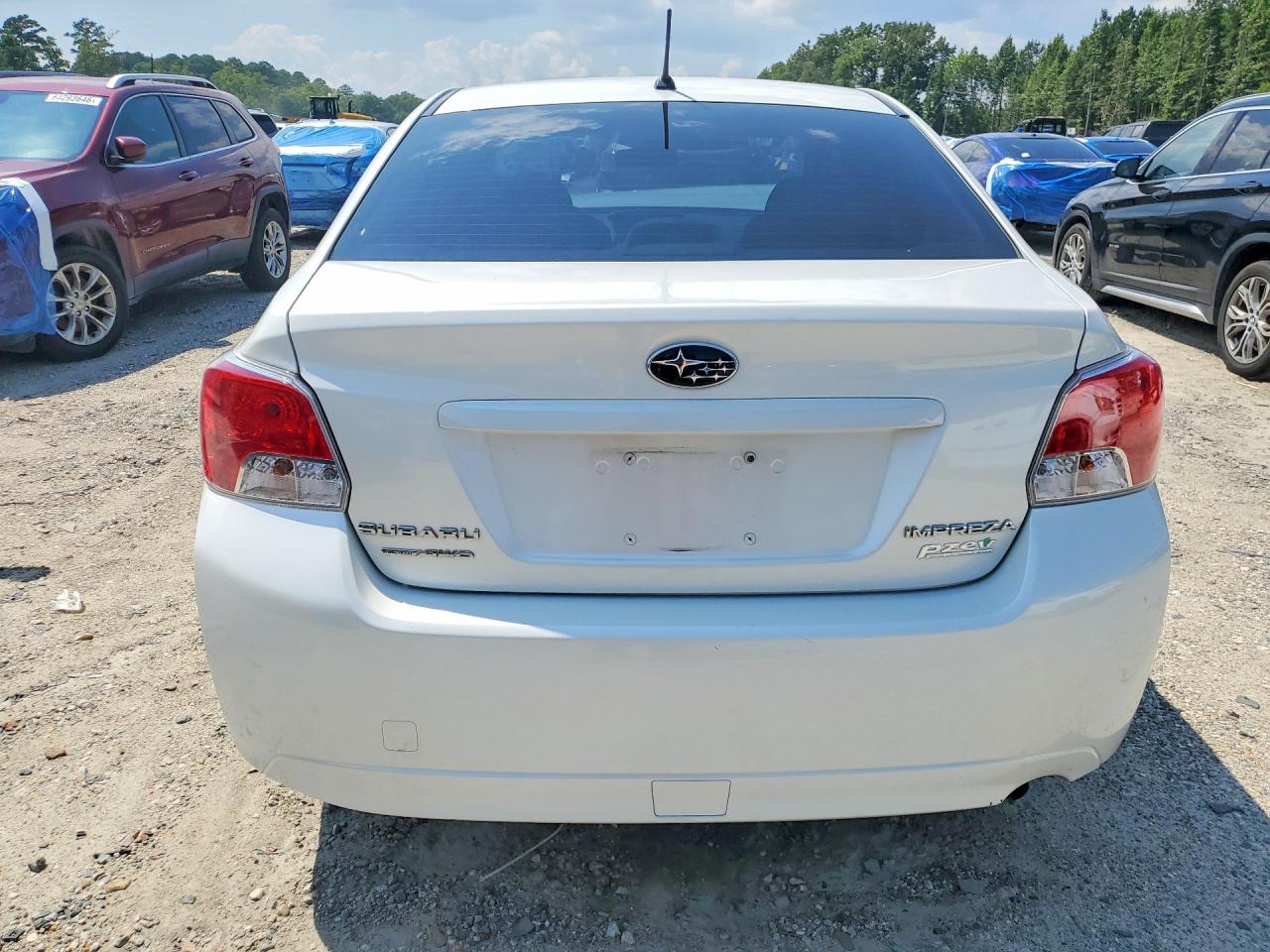 2012 Subaru Impreza White vin: JF1GJAA64CH008103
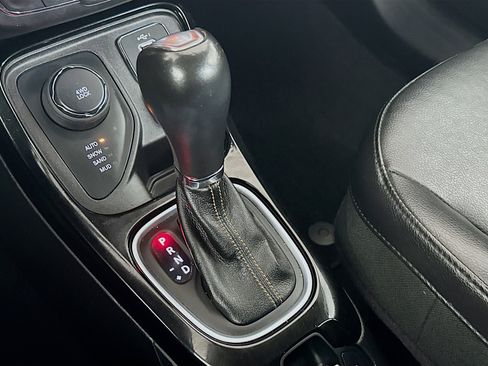 Used 2021 Jeep Compass Limited w/ Sun and Sound Group image 25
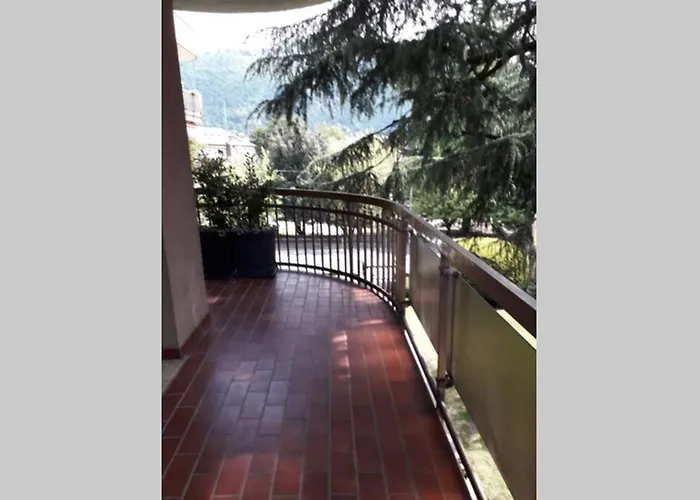 Lario Promenade: Family Friendly Apartment In Como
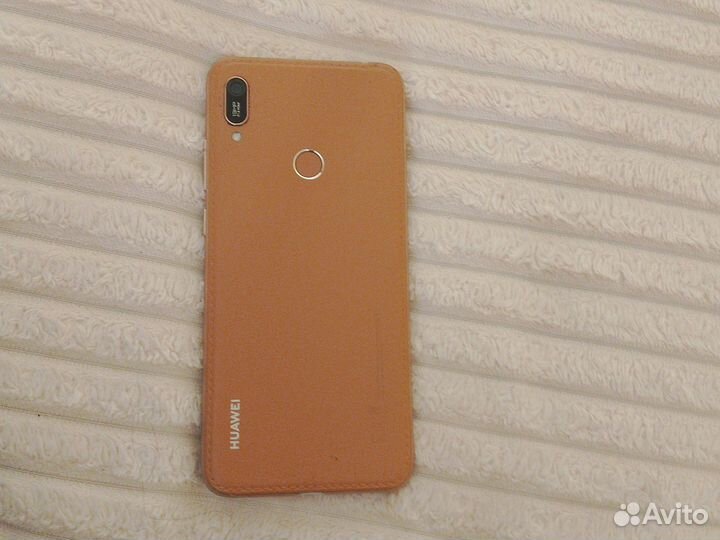 HUAWEI Y6 (2019), 2/32 ГБ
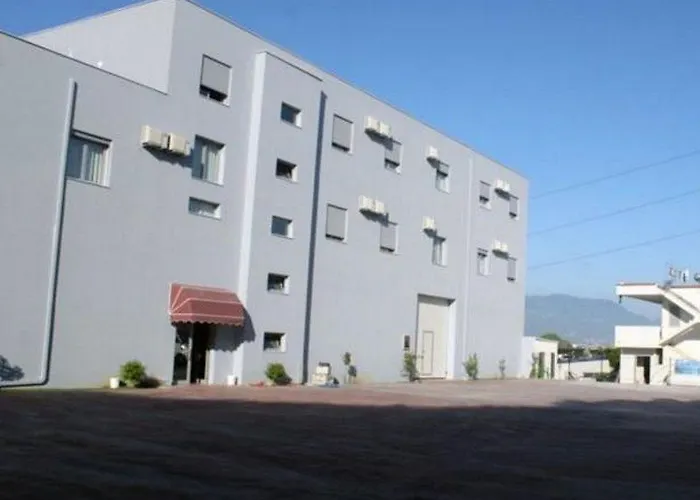 奥雷里斯酒店 Bërxull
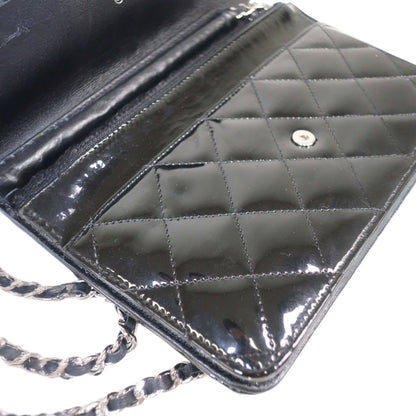 CHANEL Brilliant WOC Patent Leather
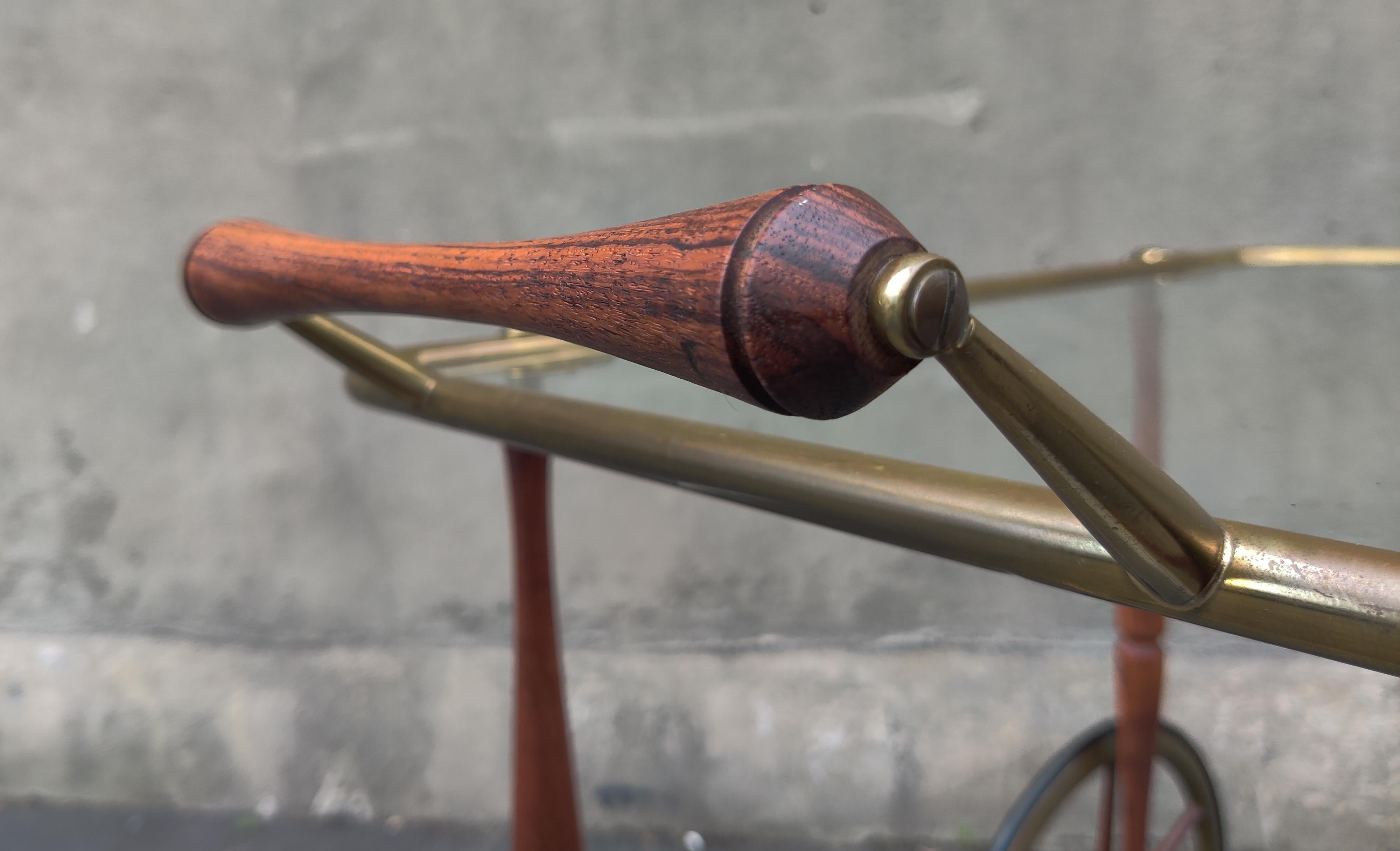 Chariot de bar à étages en laiton et verre en noyer de style Cesare Lacca ou Gio Ponti des années 1950 Bon état - En vente à Philadelphia, PA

##############################

▶ **What you have to do**
Please output the lines of the records above from the one with "Lario Promenade: Family" through the last, exactly as they appear and with both ends included; skip any pictures and add nothing.

▶ **Written solution**
 Lario Promenade: Family Friendly Apartment In Como
 HUAWEI Y6 (2019), 2/32 ГБ
 奥雷里斯酒店 Bërxull
 CHANEL Brilliant WOC Patent Leather
 Chariot de bar à étages en laiton et verre en noyer de style Cesare Lacca ou Gio Ponti des années 1950 Bon état - En vente à Philadelphia, PA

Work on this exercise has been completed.